Thursday, August 24, 2006

Why Don't People Buy More CD Box Sets?

Economist Tyler Cowen of Marginal Revolution has a post talking about CD box sets and why people do not buy many of them (they buy the individual CDs over time instead):
There is a neuroeconomics critique of Big Box Sets. So much of the pleasure of a purchase lies in the anticipation of the buy rather than the having. The anticipatory pleasure of a Big Box Set, no matter how large, is not so much greater than the anticipatory pleasure from a single CD. Yet once you own a large box it sits around. You can't listen to the CDs all at once. They start to feel "stale," and then you go out and want that anticipatory fix again. Bryan Caplan aside, the anticipatory pleasure of "listening to the seventh CD in the box" is somehow not the same.
Are there any other examples of this phenomenon where you buy smaller packages to get more enjoyment out of actually buying them?

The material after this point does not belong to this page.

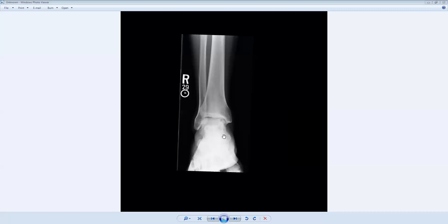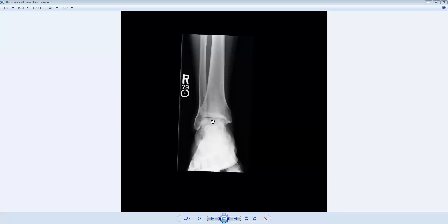Notice that we see no cortical break to suggest a fracture. In fact, the alignment of the ankle is congruent. We say that the ankle mortise is congruent, meaning the articulations between the distal tibia, the fibula, and the talar dome are aligned in a satisfactory anatomic alignment.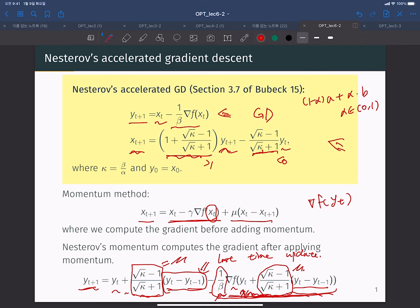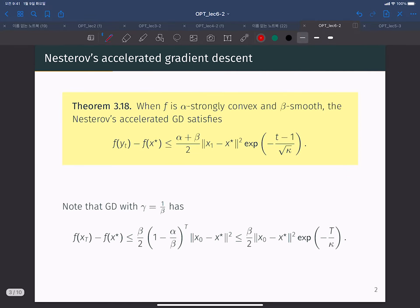But in theory, Nesterov accelerated gradient descent performs much better than the original momentum method — we can guarantee much more. This is because Nesterov's method utilizes the information that momentum will update yt+1 near yt + μ·(yt − yt−1), and using this to compute the gradient allows faster convergence. Here is the result: when f is α-strongly convex and β-smooth, Nesterov's AGD satisfies f(xt) − f(x*) ≤ (α + β)/2 · ‖x − x*‖² · exp(−(t−1)/√κ), where κ is the condition number β/α.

There is also the other issue where people buy huge packages of stuff at Costco and Sam’s Club when they most likely won’t use the whole box. Maybe because there is no “anticipatory pleasure” from buying lots of small packages of granola bars and socks (or at least not enough to outweigh the cost savings).

Sunday, August 20, 2006

Voting Lotteries

Related to the last post on voter turnout, Arizona is considering a $1 million lottery program to increase voter turnout. Basically, if you vote in Arizona, you have one lottery ticket to a possible grand prize of $1 million dollars.

This program goes right along with our current discussion of incentives and voter turnout. What do you guys think of this program? Is it a good idea? How much of an effect do you think it will have?

I think an even more interesting question is: will this program change the demographics of the people voting in Arizona?

(Source: Volokh Conspiracy)

Which is worse: not voting or not knowing anything about the candidates?

Last week in class, we explained why so many people don't vote or don't know anything about the candidates because of rational ignorance. Basically, the probability that one vote will have any affect on an election means that many people think their time is more valuably spent on other activities.

Law Professor Ilya Somin has an interesting blog post about whether we should be concerned about low voter turnout (which was about 59% in the last Presidential election). He argues voter turnout is not low enough to be really concerned about and that the bigger problem is that most people don't know anything about the candidates they are voting for or against. (Read the post for his specific arguments)

What do you guys think is the bigger problem here? Should we be more concerned with the fact that only 60% of the country votes in the Presidential elections and even less vote in local elections? Or should we be more concerned about getting those people who do vote to be more educated on the candidates or issues they are voting on?